Hyacinthe Caillière (p. 110-116).


LA CATHÉDRALE


D’après les traditions du chapitre, le culte du vrai Dieu fut d’abord rendu à Rennes dans une petite chapelle gallo-romaine, appelée Notre-Dame de la Cité qui se trouvait enclavée dans l’ancien hôtel du Bouëxic, près de l’École actuelle d’artillerie.

Au VIe siècle, on éleva une cathédrale dédiée à Saint-Pierre.

En 1181, comme elle menaçait de tomber en ruines, Philippe, abbé de Clermont, évêque de Rennes la fit démolir, et construisit sur son emplacement, une nouvelle cathédrale qui ne fut terminée qu’en 1359 par son successeur Pierre de Guemené.

En 1362, Charles de Blois y apporta pieds-nus les reliques de Saint-Yves.

Dès 1527, ce monument était dans un tel état de délabrement qu’il inspirait des craintes. Peu à peu la tour et le frontispice s’écroulèrent en partie et il fallut les démolir.

En 1541, on jeta les fondations des tours qui existent encore. La première pierre fut posée le 15 Septembre, ainsi qu’il résulte d’une inscription mise au tympan supérieur de chacune des portes qui existaient alors à la place de la grande baie du portail actuel.

Les carrières de St-Mars, de St-Hilaire du Tiercent (Ille-et-Vilaine) et de Querinan en Mégrit (Côtes-du-Nord) fourniront les matériaux nécessaires à l’achèvement des tours.

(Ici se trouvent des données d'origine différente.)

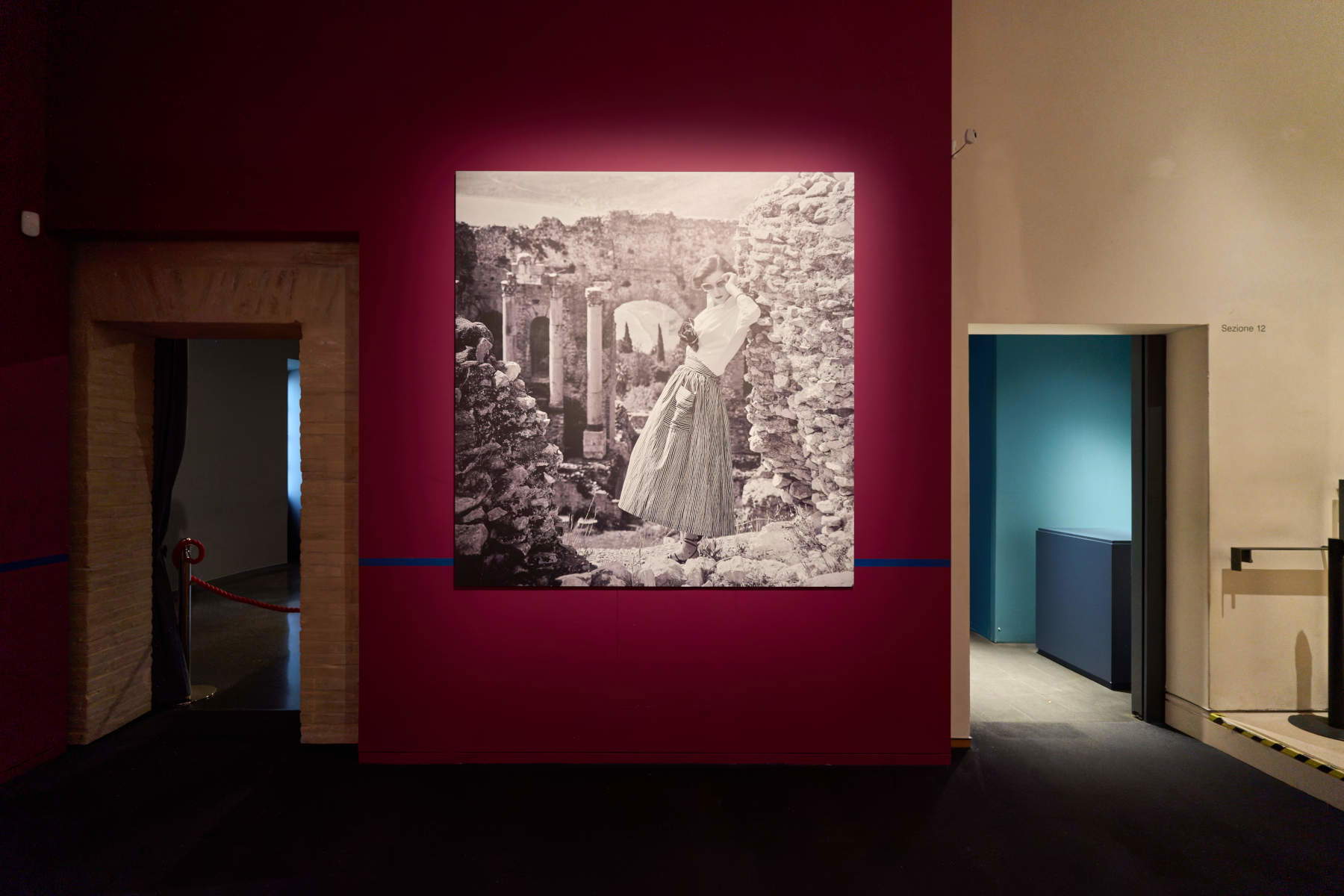 Vista de la exposición «Lee Miller. Obras 1930-1955». Foto: Emanuele Rambaldi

Les écussons dont on remarque encore au deuxième étage les figures martelées, furent exécutés, vers 1660, par Pierre de la Croix, maître sculpteur ; ils portaient les armes de Monseigneur Henry de la Mothe Houdancourt évêque de Rennes et de Charles de la Porte de Vesins, maréchal de la Meilleraye, lieutenant-général au Gouvernement de Bretagne.

La tour sud était entièrement terminée en 1674 ; il restait à achever la tour Nord et à surmonter les deux tours de dômes avec lanternes garnies de plomb, et boules dorées portant des croix de fer, mais il ne fut pas donné suite à ce dernier projet.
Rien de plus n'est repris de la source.